● **Your assignment**:
Transcribe the data exactly. Pictures stay out.

── Dataset extract

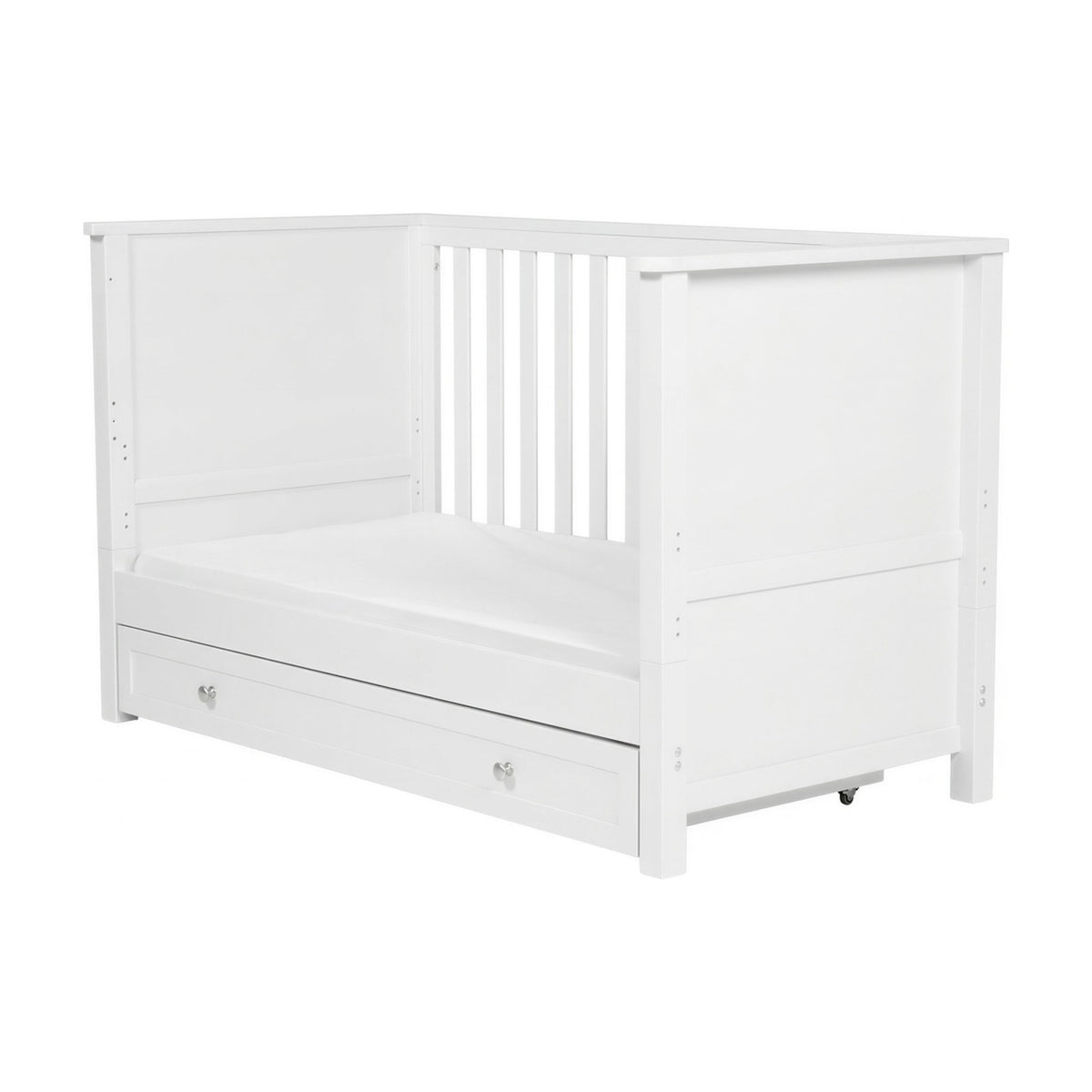 Wanderer Convertible Cot Bed with Drawer in white MDF, shown as a day bed with slatted end panel, mattress base, and a castor-mounted under-bed drawer, on a plain background.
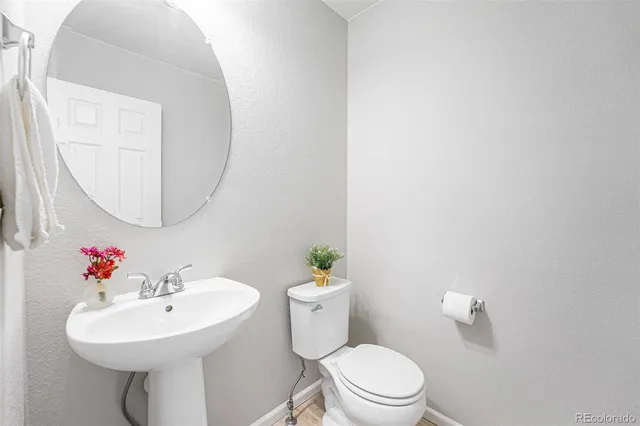 a bathroom with a sink mirror and a toilet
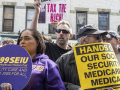 Several demonstrators gather with various signs about Medicaid and Social Security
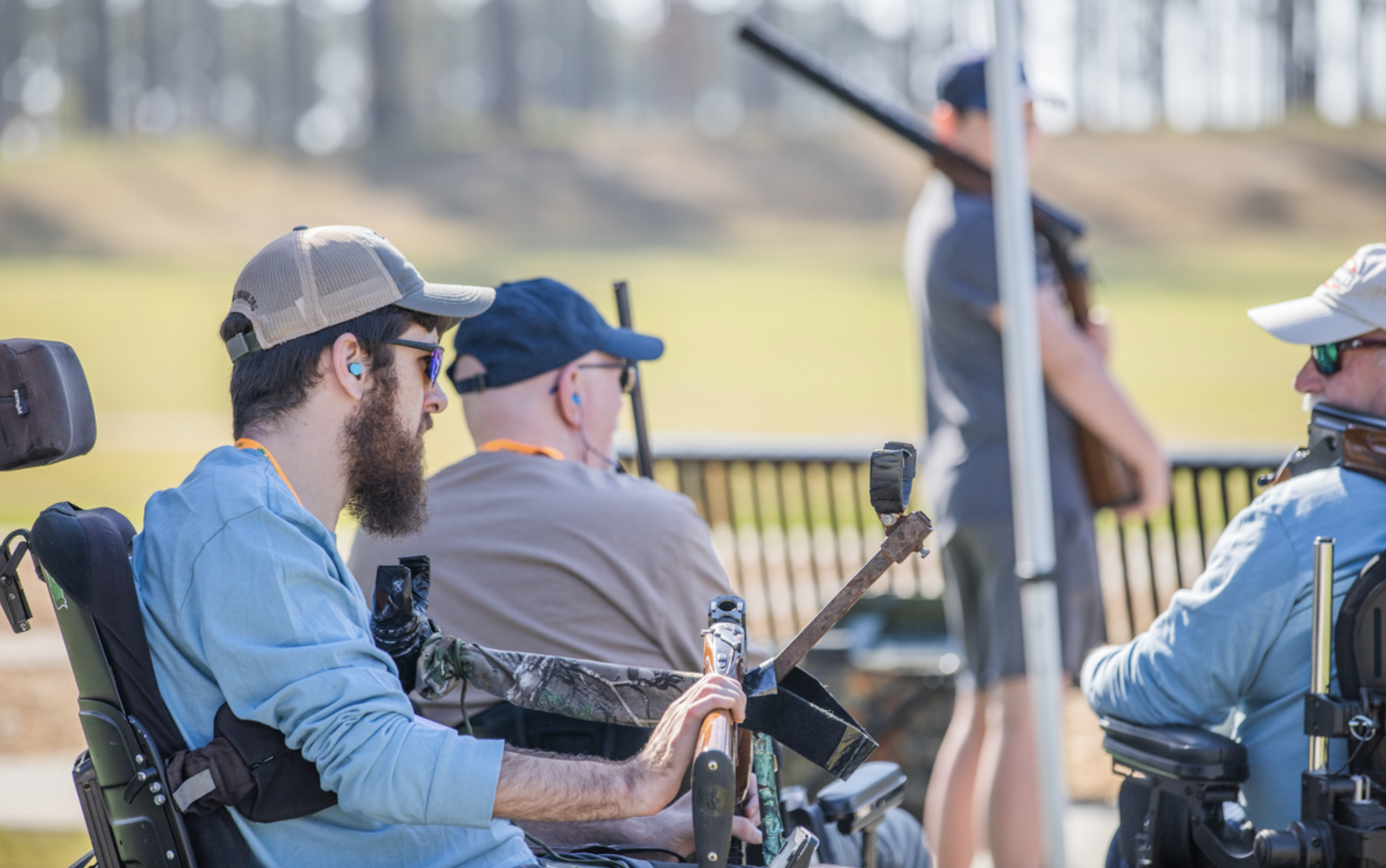 Three men in wheelchairs participating in a shooting activity outdoors, with a person in the background holding a rifle.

────

● **Written response**:
 Wanderer Convertible Cot Bed with Drawer in white MDF, shown as a day bed with slatted end panel, mattress base, and a castor-mounted under-bed drawer, on a plain background.
 a bathroom with a sink mirror and a toilet
 Several demonstrators gather with various signs about Medicaid and Social Security
 Three men in wheelchairs participating in a shooting activity outdoors, with a person in the background holding a rifle.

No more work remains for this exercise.